→ Work to complete
Return each of the entries below precisely, with no pictures in the result.

→ Material shown
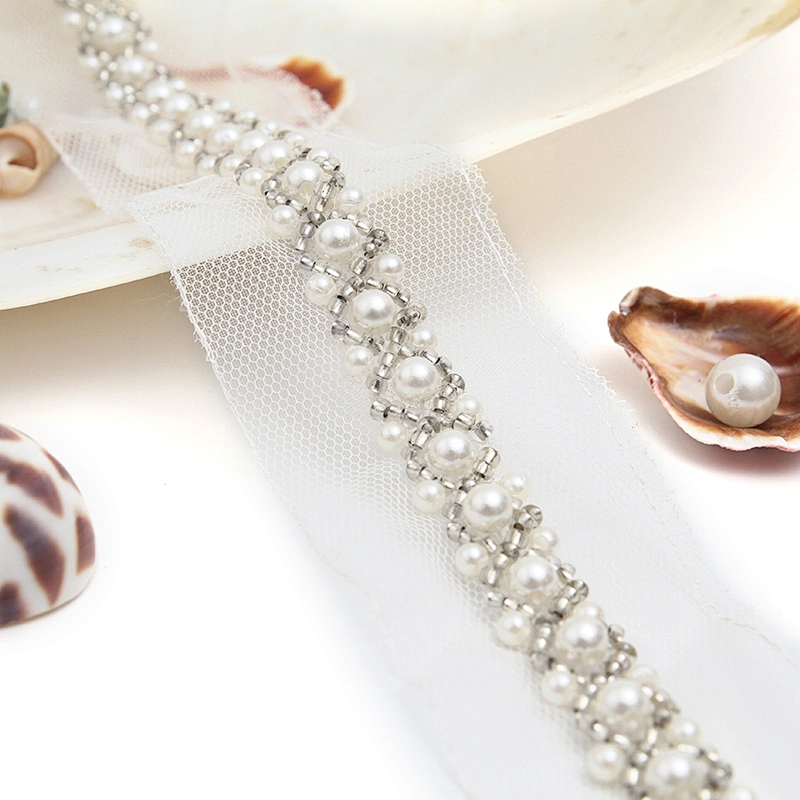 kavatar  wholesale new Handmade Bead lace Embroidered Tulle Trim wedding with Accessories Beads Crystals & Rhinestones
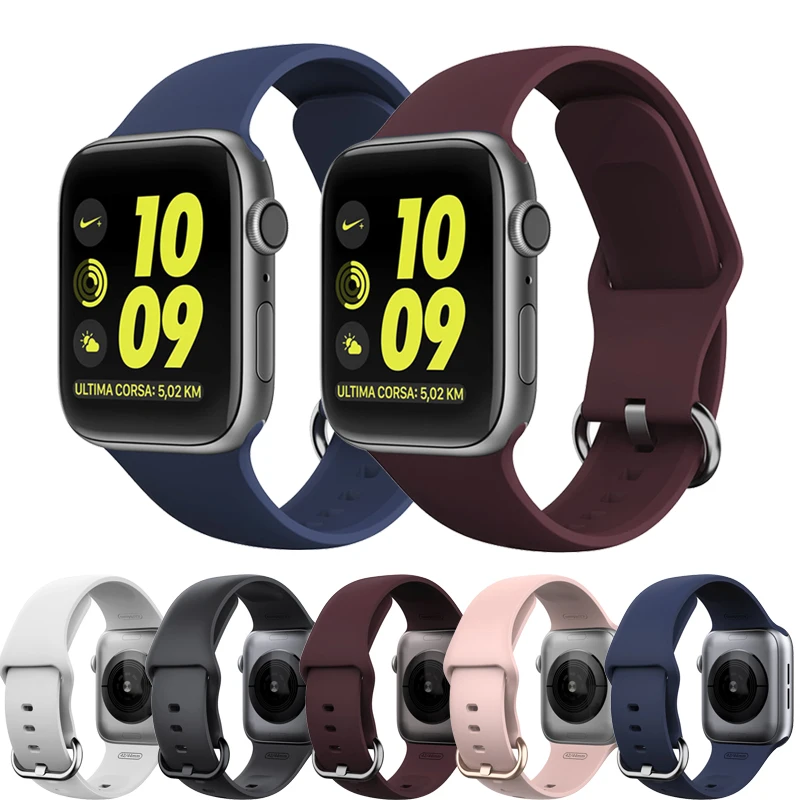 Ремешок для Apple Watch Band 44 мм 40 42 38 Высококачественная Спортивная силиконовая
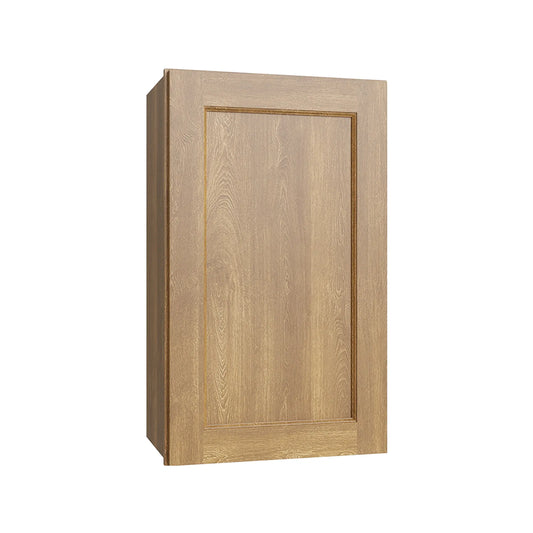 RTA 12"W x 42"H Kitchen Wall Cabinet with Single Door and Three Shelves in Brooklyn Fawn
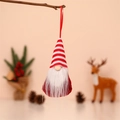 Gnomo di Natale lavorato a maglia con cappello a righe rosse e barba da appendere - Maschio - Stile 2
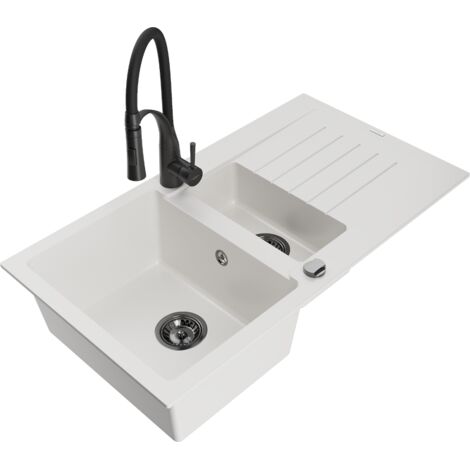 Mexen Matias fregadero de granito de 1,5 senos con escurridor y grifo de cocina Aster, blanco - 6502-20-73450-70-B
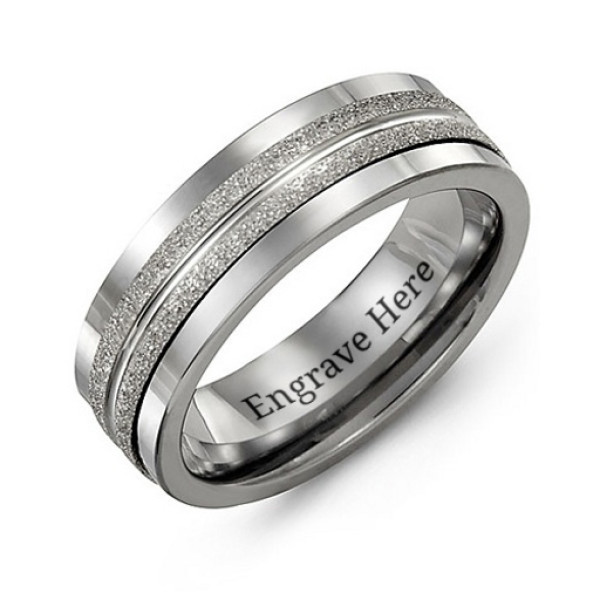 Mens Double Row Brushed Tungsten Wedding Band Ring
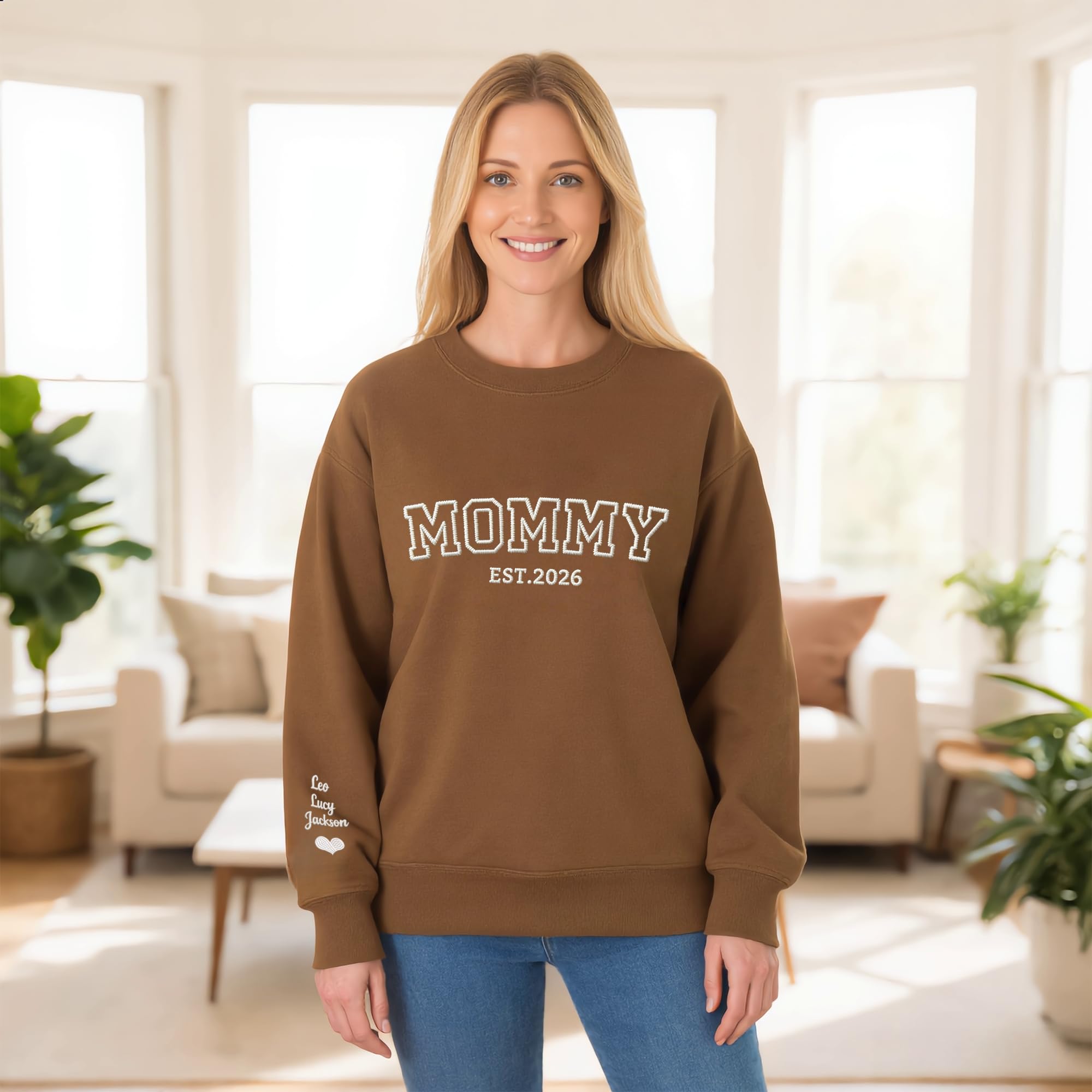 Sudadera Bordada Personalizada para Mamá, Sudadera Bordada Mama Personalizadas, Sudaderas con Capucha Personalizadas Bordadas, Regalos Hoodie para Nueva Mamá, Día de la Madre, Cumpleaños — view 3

→ Response for this exercise
 kavatar  wholesale new Handmade Bead lace Embroidered Tulle Trim wedding with Accessories Beads Crystals & Rhinestones
 Ремешок для Apple Watch Band 44 мм 40 42 38 Высококачественная Спортивная силиконовая
 RTA 12"W x 42"H Kitchen Wall Cabinet with Single Door and Three Shelves in Brooklyn Fawn
 Gnomo di Natale lavorato a maglia con cappello a righe rosse e barba da appendere - Maschio - Stile 2
 Mexen Matias fregadero de granito de 1,5 senos con escurridor y grifo de cocina Aster, blanco - 6502-20-73450-70-B
 Mens Double Row Brushed Tungsten Wedding Band Ring
 Sudadera Bordada Personalizada para Mamá, Sudadera Bordada Mama Personalizadas, Sudaderas con Capucha Personalizadas Bordadas, Regalos Hoodie para Nueva Mamá, Día de la Madre, Cumpleaños — view 3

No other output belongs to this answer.